Mom nodded and opened her mouth. Ed crammed the tubes down her throat. Mom gagged, a violent motion that started at her belly and worked all the way up to her dry, cracked lips.
I glanced at Daddy. His eyes were cold and hard.
It was a long time before she became still and silent. She kept trying to swallow, the muscles in her neck rearranging themselves to accommodate the tubes. Ed threaded the tubes up through a hole at the top of the shoebox coffin, near Mom’s head. Hassan opened a drawer and pulled out a mess of electrical wires. He stuffed a bundle of brightly colored wires down the first tube, then one long black cable with a small box at the end down the second one, and finally a small rectangular black piece of plastic that looked like a solar panel attached to a fiber-optic string down the last. Hassan plugged all the wires into a little white box that Ed fixed over the hole at the top of what I realized was nothing more than an elaborate packing crate.
“Say goodbye. ” I looked up, surprised at the kind voice. Ed had his back to us, typing something into a computer; it was Hassan who spoke. He nodded at me encouragingly.
Daddy had to pull my arm to make me approach Mom. This. . . this was not the last image of her I wanted. Yellow crusting her eyes, tubes holding wires crammed down her throat, a soft sky-blue sheen pumping through her veins. Daddy kissed her, and Mom smiled a bit around the tubes. I patted her on the shoulder. It was cold too. She gurgled something at me, and I leaned in closer. Three sounds, three spluttering grunts, really. I squeezed Mom’s arm. I knew the words she was trying to get past the tubes were, “I love you. ”
“Momma,” I whispered, stroking her paper-soft skin. I’d not called her anything but Mom since I was seven.

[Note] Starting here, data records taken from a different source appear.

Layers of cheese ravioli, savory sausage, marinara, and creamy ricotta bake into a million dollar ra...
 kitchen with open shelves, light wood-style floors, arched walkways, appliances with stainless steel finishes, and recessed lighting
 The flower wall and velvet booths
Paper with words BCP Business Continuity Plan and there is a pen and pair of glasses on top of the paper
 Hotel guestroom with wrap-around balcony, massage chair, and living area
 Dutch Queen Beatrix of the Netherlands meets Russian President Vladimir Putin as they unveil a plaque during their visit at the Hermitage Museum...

“’Kay, that’s it,” Ed said. Daddy’s hand snaked into the crook of my elbow, and he tugged at me gently. I jerked away. He changed tactics and gripped my shoulder, spinning me against his hard, muscled chest in a tight hug, and I didn’t resist this time. Ed and Hassan lifted up what looked like a hospital’s version of a fire hose, and water flecked with sky-blue sparkles filled the shoebox coffin. Mom spluttered when it reached her nose.
“Just breathe it in,” Ed shouted over the sound o
f rushing liquid. “Just relax. ”
A stream of bubbles shot through the blue water, obscuring her face. She shook her head, denying the water the chance to drown her, but a moment later, she gave up. The liquid covered her. Ed turned off the hose and the ripples faded. The water was still. She was still.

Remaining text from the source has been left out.